Posted by: anthonygenello | November 20, 2008

Math 152 helps you get jobs…

…maybe. Last week, I had an interview with a quantitative trading firm. I was asked to solve a probability problem that’s directly related to this course. The question was:

Five friends are seated at a dinner table randomly. If no one shares a birthday, what is the probability that they will be seated in order of age (either decreasing or increasing) around the table?

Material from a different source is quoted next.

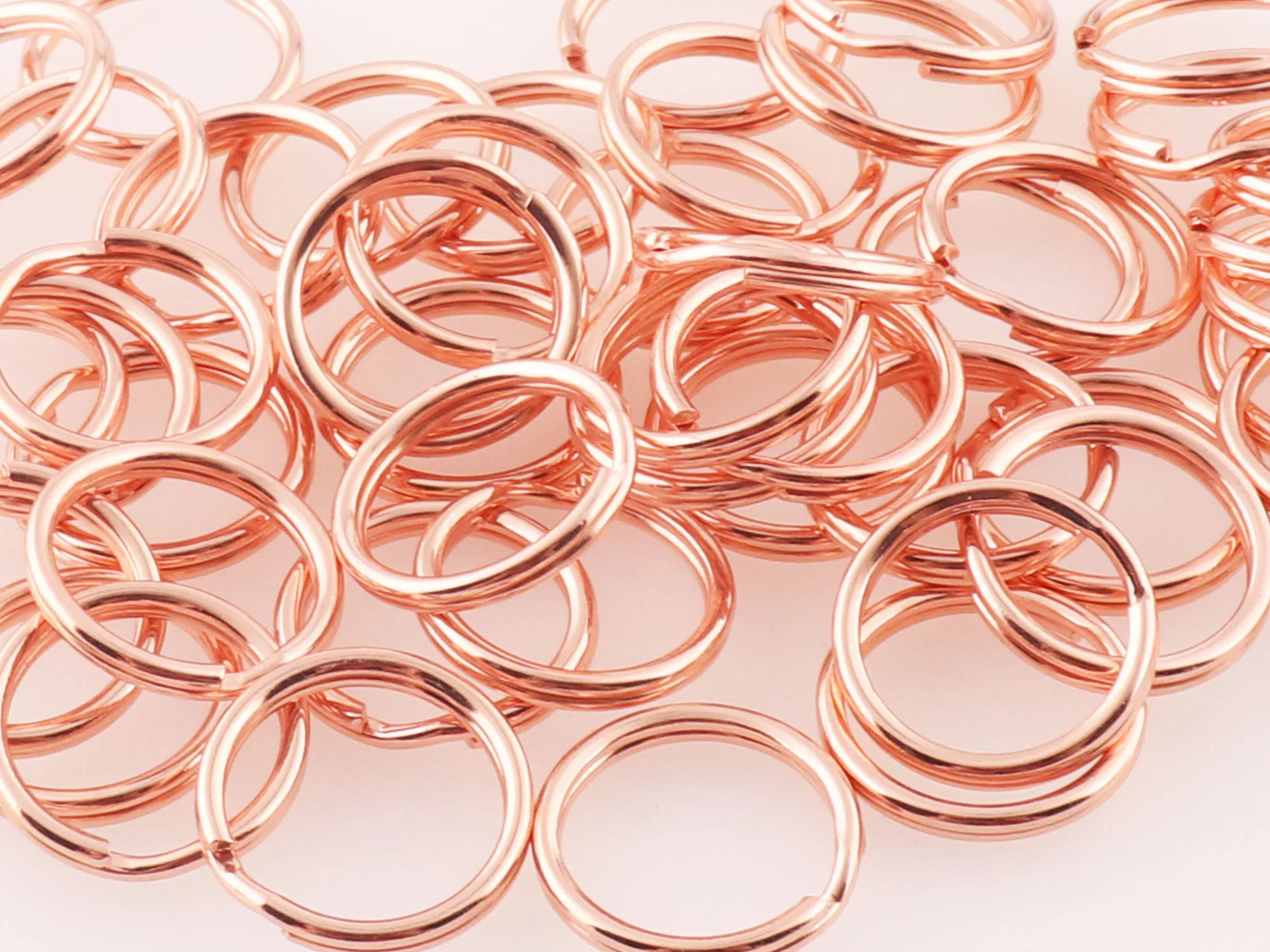 50 pcs Metal  Rose Gold Key Rings,Keychain Connectors Jump Rings,Split Rings Circle Key Rings,O Ring Loop For Key Holders,di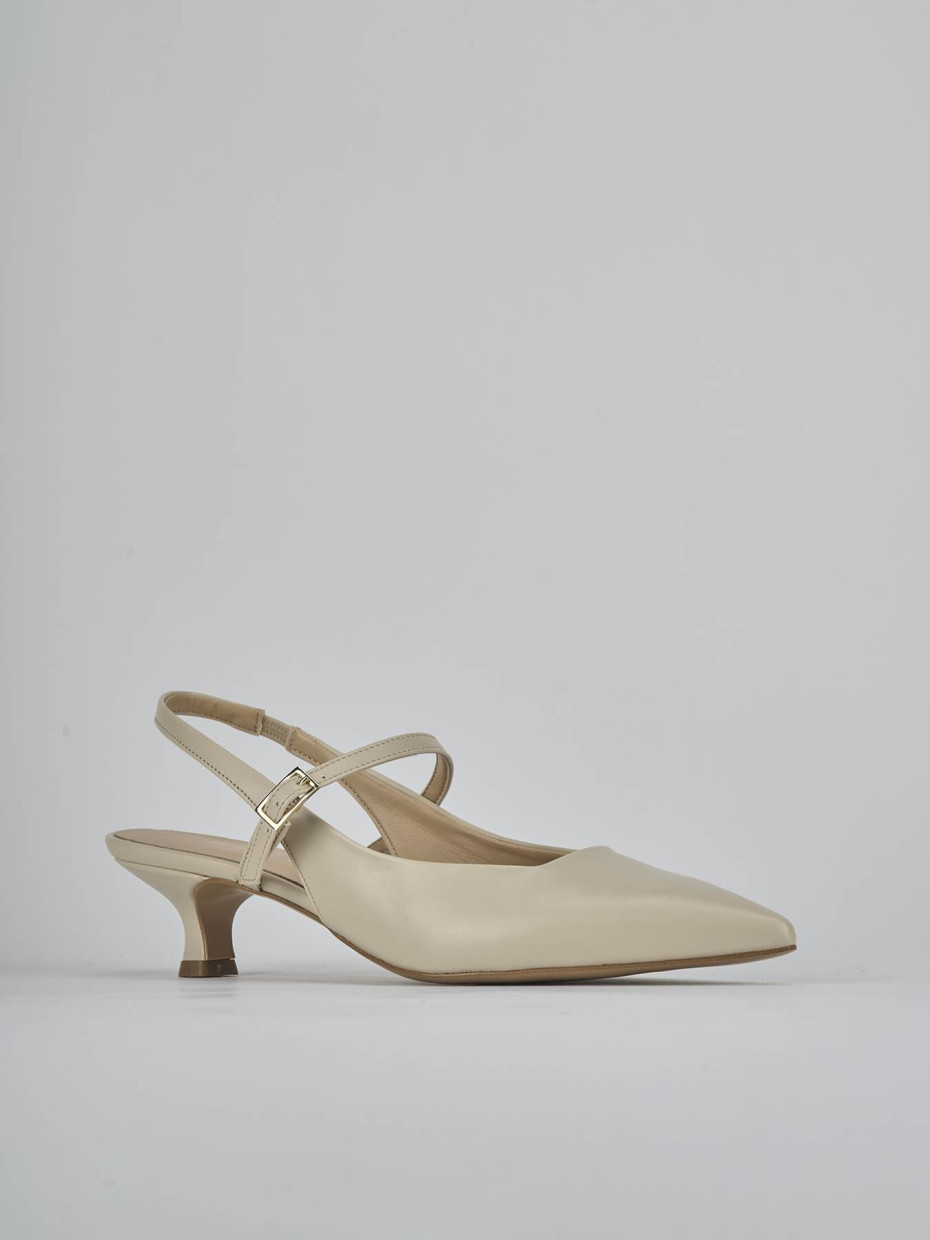 Décolleté e slingback tacco 4cm pelle beige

We came across a similar problem in the beginning of the course when discussing cycle structures. You’ll probably remember that the number of distinct cycle structures for a set of 5 elements is 4! = 24. Now how many of these correspond to decreasing order of ages? 1. Increasing order of ages? 1. So 2 out of 24 arrangements work. Therefore the probablility we are looking for is 1/12. In general, for n friends, the probability of correct age ordering is

\frac{2}{(n-1)!}

That’s one way to solve the problem, but we can also apply another math 152 concept to solve this problem – permutations. Assume without loss of generality that the 5 friends sit down in order of age and then perform a random permutation by switching seats. How many permutations are possible. This is simply

|S_5| = 5! = 120

How many permutations will lead to another correct age ordering of the friends? We know that any permutation group of a polygon will preserve a cycle structure (if we are indifferent between forward and backward ordering). Thus the permutations of a pentagon’s symmetry group will give us correct orderings. Remember that for a pentagon, we have one identity, four rotations, and five reflections. Thus, the following number of permutations will work:

|D_5|=1+4+5=10

Since 10 out of 120 permutations will lead to the correct age ordering, the probability of 5 friends sitting in order of ages is 10/120 = 1/12. We get the same result either way!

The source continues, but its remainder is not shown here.